- _Assignment_
Look below for the lines from the one with "Fripon - Another Brick" to the one with "揭秘瑞丰达利用新三板隐秘套现骗局", and copy exactly those lines, both ends included.

Data provided section start

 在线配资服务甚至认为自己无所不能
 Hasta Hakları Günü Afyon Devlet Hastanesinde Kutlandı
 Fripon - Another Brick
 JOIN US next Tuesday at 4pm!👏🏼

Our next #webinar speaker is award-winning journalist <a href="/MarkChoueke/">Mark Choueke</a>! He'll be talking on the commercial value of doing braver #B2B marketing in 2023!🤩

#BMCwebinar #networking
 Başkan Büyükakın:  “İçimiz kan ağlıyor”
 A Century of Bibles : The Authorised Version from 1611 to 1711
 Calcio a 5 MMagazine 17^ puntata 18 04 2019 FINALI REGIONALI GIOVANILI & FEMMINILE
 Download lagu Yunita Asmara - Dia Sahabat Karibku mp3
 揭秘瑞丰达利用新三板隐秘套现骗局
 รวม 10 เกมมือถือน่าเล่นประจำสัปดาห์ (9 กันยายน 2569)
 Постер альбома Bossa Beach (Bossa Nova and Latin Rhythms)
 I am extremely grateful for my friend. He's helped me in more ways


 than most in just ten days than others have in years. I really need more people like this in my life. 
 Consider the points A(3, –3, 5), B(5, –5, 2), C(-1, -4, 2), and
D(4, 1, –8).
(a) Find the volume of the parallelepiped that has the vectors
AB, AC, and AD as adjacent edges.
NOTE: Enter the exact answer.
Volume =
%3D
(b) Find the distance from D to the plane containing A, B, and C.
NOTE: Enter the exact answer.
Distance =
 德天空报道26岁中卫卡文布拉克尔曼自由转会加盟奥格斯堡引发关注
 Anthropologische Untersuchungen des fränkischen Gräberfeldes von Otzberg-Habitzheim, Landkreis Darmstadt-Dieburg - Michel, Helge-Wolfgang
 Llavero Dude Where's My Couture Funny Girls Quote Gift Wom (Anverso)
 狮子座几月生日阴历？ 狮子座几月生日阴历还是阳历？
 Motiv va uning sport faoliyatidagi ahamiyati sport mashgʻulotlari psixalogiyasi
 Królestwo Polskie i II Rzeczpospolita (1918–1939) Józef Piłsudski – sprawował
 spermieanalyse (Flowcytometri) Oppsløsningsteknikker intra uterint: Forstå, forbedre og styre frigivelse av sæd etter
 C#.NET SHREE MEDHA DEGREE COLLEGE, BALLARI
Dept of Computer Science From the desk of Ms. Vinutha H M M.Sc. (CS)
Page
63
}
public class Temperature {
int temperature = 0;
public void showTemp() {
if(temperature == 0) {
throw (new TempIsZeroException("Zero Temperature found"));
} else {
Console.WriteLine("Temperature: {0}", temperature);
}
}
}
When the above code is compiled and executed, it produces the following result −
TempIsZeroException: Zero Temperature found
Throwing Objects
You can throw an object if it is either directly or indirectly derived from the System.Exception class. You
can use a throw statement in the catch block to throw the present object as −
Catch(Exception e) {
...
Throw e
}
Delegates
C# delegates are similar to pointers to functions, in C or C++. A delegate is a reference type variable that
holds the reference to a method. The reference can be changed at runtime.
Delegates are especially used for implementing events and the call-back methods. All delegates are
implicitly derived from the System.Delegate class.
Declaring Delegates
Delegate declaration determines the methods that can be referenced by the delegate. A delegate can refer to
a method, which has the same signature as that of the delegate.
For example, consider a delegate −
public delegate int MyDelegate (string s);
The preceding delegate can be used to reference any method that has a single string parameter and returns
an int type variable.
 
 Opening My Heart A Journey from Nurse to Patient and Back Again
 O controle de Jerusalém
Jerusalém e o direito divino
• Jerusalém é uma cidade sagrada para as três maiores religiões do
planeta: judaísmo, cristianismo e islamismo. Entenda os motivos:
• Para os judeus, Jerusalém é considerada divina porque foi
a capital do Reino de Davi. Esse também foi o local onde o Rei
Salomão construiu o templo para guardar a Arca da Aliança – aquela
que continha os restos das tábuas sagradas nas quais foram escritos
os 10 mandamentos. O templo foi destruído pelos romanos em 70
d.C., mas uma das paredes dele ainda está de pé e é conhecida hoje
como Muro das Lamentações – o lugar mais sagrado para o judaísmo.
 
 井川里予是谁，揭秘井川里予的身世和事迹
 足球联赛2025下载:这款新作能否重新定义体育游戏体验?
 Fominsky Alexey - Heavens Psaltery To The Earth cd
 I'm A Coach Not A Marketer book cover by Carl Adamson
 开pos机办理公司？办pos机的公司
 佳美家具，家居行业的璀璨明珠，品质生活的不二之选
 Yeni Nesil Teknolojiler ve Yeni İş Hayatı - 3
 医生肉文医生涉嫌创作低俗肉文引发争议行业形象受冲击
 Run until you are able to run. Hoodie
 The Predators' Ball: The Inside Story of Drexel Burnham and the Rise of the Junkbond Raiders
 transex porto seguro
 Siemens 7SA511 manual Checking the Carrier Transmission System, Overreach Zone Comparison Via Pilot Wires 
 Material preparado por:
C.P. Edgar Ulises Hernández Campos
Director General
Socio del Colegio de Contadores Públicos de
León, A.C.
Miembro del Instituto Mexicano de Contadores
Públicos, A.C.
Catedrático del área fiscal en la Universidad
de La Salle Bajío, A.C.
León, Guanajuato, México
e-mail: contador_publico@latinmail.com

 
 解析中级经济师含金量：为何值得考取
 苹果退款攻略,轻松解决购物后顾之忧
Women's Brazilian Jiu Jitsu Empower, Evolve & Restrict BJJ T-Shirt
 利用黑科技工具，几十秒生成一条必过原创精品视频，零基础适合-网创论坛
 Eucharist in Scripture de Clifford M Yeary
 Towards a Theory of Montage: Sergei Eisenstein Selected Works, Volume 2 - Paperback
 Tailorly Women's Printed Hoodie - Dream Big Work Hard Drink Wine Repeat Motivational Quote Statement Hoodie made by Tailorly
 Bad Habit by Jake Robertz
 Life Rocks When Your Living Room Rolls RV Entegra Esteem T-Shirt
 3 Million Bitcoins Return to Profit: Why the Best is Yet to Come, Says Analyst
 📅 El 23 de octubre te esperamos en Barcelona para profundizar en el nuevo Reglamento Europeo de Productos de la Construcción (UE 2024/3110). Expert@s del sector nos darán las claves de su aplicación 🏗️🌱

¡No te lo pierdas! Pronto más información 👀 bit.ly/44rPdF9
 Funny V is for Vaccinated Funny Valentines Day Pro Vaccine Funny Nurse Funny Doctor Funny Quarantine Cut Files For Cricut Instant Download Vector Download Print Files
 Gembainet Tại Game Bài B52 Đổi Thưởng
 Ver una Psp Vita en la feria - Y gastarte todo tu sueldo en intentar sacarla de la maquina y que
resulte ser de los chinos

Data provided section end

- _Final answer_
 Fripon - Another Brick
 JOIN US next Tuesday at 4pm!👏🏼

Our next #webinar speaker is award-winning journalist <a href="/MarkChoueke/">Mark Choueke</a>! He'll be talking on the commercial value of doing braver #B2B marketing in 2023!🤩

#BMCwebinar #networking
 Başkan Büyükakın:  “İçimiz kan ağlıyor”
 A Century of Bibles : The Authorised Version from 1611 to 1711
 Calcio a 5 MMagazine 17^ puntata 18 04 2019 FINALI REGIONALI GIOVANILI & FEMMINILE
 Download lagu Yunita Asmara - Dia Sahabat Karibku mp3
 揭秘瑞丰达利用新三板隐秘套现骗局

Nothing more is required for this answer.